Nana, one of the most famous novels in the Rougon-Macquart series, was both popular and controversial at the time of its publication because of its frank descriptions of bodies and sexuality. Initially depicted in another of the series’ novels, L’Assommoir, the character of Nana rises from a childhood as the daughter of a lower-class family beset by alcoholism and starvation to become the most elite and popular courtesan in all of Paris. However, in ascending the social ladder, she drags down every lover she has financially and spiritually. Ultimately, Zola uses her story as an indictment of the excesses of the Second Empire, including what he saw as excessive female sexual freedom.
This study guide uses the 2020 Oxford World’s Classics edition, translated from the original French by Helen Constantine.
Plot Summary
Eighteen-year-old Nana makes a magnificent debut as Venus at the Théâtre des Variétés, a Parisian theater. Although she does not sing or act particularly well, the whole audience is captivated by her beauty, especially when she takes the stage practically naked in the third act.
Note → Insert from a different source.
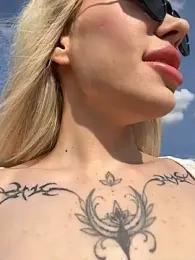 babydolll stripchat stream image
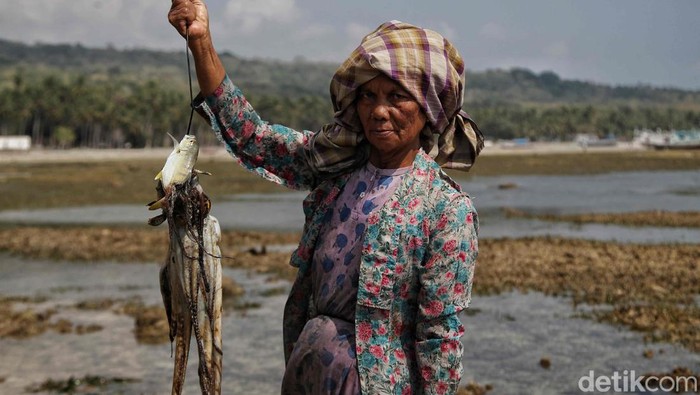 Sejumlah warga menikmati suasana Pantai Samboang di Desa Eka Tiro, Bulukumba, Sulawesi Selatan, Selatan (31/10/2023). Pantai Samboang merupakan salah satu tempat wisata yang menjadi tujuan wisatawan lokal maupun internasional di Sulawesi Selatan.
Most of the book’s recurring characters are present for this debut, either as Nana’s fellow actors or as audience members, including wealthy banker Steiner, journalist Fauchery, 17-year-old Georges Hugon, and a chamberlain to the Empress, the Comte Muffat de Beuville.
The next day, Nana gradually realizes she was an even bigger hit than she thought as her apartment is flooded with male visitors coming to call on her. Having many male visitors is no strange phenomenon to Nana, who is a sex worker as well as an actress. Even for her, though, the volume of visitors becomes overwhelming. The next night, guests gather at a salon in the home of Comte Muffat, over which his wife Sabine presides. Throughout the evening, Fauchery tries to accomplish a task Nana sent him to do: invite Muffat to a dinner party at her house the next evening. Fauchery finally manages to do so, with the help of another guest, Vandeuvres, but the extremely religious Muffat refuses. However, Nana does successfully lure Steiner to the dinner party. The dinner party is a disaster, with far too many guests to fit comfortably in Nana’s home.
Many weeks later, the Prince of Scotland pays a visit to the Théâtre des Variétés to see Nana’s star turn. All of Nana’s fellow actors are aware that the Prince has been one of Nana’s lovers since his arrival in Paris. Though Muffat has been trying to resist his attraction to Nana because of his religious devotion, he finally gives in when he visits the backstage area with the Prince, grabbing her and kissing her. She invites him to visit her at home sometime.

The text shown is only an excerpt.